§ **What this task involves**: Take the lines below between the one holding "mmCase gél tok" and the one holding "Emporio Armani Men's", inclusive, and copy them exactly. Add nothing.

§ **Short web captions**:
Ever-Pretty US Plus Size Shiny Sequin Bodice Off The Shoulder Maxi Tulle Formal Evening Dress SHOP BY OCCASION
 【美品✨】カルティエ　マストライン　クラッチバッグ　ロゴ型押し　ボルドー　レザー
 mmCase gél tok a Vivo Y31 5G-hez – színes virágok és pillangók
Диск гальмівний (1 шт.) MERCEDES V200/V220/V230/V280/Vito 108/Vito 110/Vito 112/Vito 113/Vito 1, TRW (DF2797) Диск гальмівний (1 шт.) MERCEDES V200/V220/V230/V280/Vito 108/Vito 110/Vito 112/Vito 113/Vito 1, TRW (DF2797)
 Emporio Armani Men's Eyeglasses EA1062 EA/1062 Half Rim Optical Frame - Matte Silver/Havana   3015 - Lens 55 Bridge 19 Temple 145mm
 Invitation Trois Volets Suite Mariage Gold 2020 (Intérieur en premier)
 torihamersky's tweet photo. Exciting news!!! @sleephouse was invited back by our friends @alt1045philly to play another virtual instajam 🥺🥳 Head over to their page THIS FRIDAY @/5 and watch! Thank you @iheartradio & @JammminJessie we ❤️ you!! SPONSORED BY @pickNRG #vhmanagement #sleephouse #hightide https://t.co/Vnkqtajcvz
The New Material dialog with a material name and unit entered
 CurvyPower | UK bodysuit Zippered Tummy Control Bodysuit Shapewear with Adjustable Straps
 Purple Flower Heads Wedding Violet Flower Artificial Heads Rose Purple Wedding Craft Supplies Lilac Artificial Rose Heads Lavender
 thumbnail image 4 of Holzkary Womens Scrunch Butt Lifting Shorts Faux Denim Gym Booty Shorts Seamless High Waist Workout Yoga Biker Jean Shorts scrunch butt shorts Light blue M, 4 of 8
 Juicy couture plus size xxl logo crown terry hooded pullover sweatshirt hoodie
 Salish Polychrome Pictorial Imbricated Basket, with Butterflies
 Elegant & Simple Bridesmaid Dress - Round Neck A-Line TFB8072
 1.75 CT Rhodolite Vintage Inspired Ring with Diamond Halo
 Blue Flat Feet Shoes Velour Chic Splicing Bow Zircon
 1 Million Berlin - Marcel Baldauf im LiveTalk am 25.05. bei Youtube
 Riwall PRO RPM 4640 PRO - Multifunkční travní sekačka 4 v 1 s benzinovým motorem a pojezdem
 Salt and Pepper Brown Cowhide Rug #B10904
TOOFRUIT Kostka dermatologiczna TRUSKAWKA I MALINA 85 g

§ **Your solution**:
 mmCase gél tok a Vivo Y31 5G-hez – színes virágok és pillangók
Диск гальмівний (1 шт.) MERCEDES V200/V220/V230/V280/Vito 108/Vito 110/Vito 112/Vito 113/Vito 1, TRW (DF2797) Диск гальмівний (1 шт.) MERCEDES V200/V220/V230/V280/Vito 108/Vito 110/Vito 112/Vito 113/Vito 1, TRW (DF2797)
 Emporio Armani Men's Eyeglasses EA1062 EA/1062 Half Rim Optical Frame - Matte Silver/Havana   3015 - Lens 55 Bridge 19 Temple 145mm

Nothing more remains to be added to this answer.